* _Work instructions_
Below are the records; pull every line that includes "with".

* _Short text fragments from websites_
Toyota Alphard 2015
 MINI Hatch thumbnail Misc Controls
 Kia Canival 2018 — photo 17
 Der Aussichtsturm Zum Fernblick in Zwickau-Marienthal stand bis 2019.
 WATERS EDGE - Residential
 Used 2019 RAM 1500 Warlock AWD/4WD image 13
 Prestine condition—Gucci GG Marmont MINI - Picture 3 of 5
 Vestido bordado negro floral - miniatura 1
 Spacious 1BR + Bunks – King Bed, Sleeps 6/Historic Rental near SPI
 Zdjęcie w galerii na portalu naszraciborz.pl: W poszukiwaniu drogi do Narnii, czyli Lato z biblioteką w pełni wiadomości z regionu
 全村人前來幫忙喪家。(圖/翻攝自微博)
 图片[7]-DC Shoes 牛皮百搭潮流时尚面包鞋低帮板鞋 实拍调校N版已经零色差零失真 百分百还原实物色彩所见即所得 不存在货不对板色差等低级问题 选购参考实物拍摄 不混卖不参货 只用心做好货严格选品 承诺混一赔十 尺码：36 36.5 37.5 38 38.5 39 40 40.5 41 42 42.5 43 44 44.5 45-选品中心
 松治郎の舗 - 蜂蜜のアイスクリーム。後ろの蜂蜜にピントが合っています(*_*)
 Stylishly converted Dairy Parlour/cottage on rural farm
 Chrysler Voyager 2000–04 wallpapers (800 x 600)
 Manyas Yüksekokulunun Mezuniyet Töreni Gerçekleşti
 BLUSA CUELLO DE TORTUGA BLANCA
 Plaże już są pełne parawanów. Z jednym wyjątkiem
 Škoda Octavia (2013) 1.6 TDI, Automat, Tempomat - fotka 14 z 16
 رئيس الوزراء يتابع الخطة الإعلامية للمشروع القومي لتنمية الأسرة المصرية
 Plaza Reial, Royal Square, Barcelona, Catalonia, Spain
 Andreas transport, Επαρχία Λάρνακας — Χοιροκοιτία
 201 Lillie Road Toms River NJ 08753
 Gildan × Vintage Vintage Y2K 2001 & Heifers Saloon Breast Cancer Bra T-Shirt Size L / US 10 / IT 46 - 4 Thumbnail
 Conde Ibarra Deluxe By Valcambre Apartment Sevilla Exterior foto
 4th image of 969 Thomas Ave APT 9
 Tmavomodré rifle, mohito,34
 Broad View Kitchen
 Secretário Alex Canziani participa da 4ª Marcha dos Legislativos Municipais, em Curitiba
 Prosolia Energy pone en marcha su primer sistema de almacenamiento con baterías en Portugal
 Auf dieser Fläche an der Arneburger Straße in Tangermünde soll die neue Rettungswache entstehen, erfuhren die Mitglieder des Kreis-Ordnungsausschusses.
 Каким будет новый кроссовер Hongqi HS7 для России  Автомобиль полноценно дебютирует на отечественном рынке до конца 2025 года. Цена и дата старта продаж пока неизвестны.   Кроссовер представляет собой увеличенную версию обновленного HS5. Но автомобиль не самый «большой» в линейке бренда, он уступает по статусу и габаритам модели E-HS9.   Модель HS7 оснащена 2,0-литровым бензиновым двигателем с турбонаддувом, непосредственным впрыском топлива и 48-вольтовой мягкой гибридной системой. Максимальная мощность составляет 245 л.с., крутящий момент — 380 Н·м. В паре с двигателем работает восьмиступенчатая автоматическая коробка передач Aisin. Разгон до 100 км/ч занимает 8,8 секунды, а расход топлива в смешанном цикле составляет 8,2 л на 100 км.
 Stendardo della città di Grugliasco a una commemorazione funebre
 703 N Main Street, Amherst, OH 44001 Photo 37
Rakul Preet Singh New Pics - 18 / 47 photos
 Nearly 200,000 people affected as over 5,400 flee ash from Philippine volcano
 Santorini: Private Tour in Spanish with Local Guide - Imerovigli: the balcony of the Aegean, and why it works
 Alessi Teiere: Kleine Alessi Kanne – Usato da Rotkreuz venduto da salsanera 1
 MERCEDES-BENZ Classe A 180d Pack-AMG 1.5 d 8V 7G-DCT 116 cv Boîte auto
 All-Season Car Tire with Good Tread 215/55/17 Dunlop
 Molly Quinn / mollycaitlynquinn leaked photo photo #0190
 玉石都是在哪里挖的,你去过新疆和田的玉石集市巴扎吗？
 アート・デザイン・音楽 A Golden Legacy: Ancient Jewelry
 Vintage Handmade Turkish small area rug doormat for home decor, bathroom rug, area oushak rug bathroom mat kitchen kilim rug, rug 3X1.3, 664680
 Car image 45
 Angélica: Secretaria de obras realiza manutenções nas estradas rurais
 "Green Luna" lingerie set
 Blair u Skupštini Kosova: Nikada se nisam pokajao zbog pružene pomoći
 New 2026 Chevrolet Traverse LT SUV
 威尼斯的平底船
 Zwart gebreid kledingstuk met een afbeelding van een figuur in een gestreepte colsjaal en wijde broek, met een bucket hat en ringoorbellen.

* _The completed task_
 Santorini: Private Tour in Spanish with Local Guide - Imerovigli: the balcony of the Aegean, and why it works
 All-Season Car Tire with Good Tread 215/55/17 Dunlop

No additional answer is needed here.